Só que Kemp se apercebe que está, involuntariamente, envolvido no caso, mas não diz a ninguém, temendo por si e pelos seus. Só que também não quer que a pessoa errada seja condenada. Por isso, vai fazer o papel de cético e tentar abalar as certezas e mudar a opinião dos outros 11 membros do júri. Em Juror #2, Clint Eastwood e o argumentista Jonathan A. Abrams viram do avesso a premissa de um dos melhores courtroom dramas de sempre, Doze Homens em Fúria, de Sidney Lumet (1957), com Justin Kemp no oposto da personagem aqui interpretada por Henry Fonda, um idealista escrupuloso e desinteressado, cujo único interesse é que seja feita justiça e um inocente não pague por um crime que não cometeu.
[Veja uma entrevista com Toni Collette e Nicholas Hoult:]
À linearidade da história e à clareza de motivos do herói da fita de Lumet, Clint Eastwood contrapõe uma intriga mais enredada e uma personagem principal cujo comportamento tem motivações mais pessoais e interesseiras. Juror #2 transforma-se então na história do combate íntimo de Justin Kemp, dividido entre interesse pessoal e familiar, e dever de consciência e sentido da justiça. A que o realizador acrescenta uma reflexão sobre as imperfeições e vulnerabilidades do sistema judicial (ver a rapidez com que os jurados querem condenar o réu para irem às suas vidas, e o comportamento do inspetor da polícia reformado interpretado por J.K. Simmons, o único que quer apurar os factos, e fazer com que a verdade e a justiça citados pela juíza do processo no início do filme coincidam). E isto sem que Juror #2 tenha “vilões”, sequências bombásticas de confronto em tribunal ou fora dele, ou golpes de teatro de última hora. Eastwood está mais interessado em fazer-nos pensar do que em dar espectáculo.
[Veja uma sequência do filme:]
Clint Eastwood tira dos seus atores exatamente as interpretações que quer deles, nem uma palavra, um gesto, uma expressão ou uma emoção a mais ou a menos (ressalte-se, por curiosidade, que Kiefer Sutherland, que faz o advogado que Kemp consulta, conseguiu este pequeno papel após escrever a Eastwood dizendo que era um grande admirador, e que queria entrar num filme dele antes que se retirasse), e filma com uma limpidez de exposição e narração, uma circunspeção cinematográfica e uma eficácia dramática consumadas. E o final de Juror #2 , à porta da casa de Kemp, está à altura e é consequente com tudo o que Eastwood narrou até aí, e com as questões morais e os pressupostos de consciência em jogo no enredo.

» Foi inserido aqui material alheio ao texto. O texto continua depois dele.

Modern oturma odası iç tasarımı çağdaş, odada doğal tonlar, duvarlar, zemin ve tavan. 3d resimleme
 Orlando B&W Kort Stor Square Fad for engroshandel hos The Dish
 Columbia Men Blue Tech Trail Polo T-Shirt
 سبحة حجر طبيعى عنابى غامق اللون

O facto da Warner Bros., um estúdio com o qual Clint Eastwood está associado há meio século, e a que deu prestígio, prémios (incluindo Óscares) e largos lucros, ter estreado Juror #2 – e à última da hora – apenas em cerca de 50 cinemas nos EUA, e fora de portas só nalguns países selecionados, e o ter lançado diretamente em streaming nos restantes, diz muito sobre o estado da indústria cinematográfica americana, e aqueles que hoje mandam nela. Como escreveu o crítico Bilge Ebin na Vulture, “para o moderno executivo dos estúdios [Eastwood] (…) deve parecer não um artista que tem que ser protegido, mas sim um erro a ser corrigido”.